§ **Directions**: From the records, pick out and copy each line containing "Wall".

§ **Data provided**:

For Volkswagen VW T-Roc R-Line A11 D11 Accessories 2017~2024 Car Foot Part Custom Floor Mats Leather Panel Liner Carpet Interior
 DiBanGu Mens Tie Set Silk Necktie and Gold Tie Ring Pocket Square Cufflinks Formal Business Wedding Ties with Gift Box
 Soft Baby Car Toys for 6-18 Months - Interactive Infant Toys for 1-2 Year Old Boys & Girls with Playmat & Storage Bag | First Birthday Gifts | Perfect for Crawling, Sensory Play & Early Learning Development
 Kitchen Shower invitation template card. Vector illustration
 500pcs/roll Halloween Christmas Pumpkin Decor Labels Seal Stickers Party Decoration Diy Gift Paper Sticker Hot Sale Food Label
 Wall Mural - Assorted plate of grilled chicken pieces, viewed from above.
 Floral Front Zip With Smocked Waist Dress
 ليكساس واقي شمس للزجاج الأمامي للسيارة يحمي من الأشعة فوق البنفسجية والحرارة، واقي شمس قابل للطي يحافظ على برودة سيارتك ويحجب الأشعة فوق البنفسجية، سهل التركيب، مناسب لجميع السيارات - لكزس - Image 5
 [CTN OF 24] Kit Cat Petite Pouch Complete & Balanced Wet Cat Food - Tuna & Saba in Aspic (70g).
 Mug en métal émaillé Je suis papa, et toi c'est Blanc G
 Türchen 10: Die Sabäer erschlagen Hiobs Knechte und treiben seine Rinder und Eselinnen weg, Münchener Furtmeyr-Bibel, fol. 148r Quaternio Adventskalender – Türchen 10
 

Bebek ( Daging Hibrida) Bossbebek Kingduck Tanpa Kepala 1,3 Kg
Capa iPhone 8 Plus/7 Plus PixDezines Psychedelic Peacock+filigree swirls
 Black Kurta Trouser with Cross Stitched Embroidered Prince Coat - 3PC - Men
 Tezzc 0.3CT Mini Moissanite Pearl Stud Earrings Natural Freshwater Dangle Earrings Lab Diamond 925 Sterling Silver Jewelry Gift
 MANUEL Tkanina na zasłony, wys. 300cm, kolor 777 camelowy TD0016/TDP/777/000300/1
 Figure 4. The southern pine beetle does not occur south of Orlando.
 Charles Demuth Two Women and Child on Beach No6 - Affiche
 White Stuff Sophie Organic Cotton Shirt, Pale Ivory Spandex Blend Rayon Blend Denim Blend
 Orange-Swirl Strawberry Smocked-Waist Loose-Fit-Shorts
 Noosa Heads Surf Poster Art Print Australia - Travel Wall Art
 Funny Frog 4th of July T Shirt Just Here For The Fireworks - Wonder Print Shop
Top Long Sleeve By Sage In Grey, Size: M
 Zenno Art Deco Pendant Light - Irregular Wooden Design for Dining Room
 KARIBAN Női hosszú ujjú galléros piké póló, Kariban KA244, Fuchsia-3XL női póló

§ **Answer section**:
 Wall Mural - Assorted plate of grilled chicken pieces, viewed from above.
 Noosa Heads Surf Poster Art Print Australia - Travel Wall Art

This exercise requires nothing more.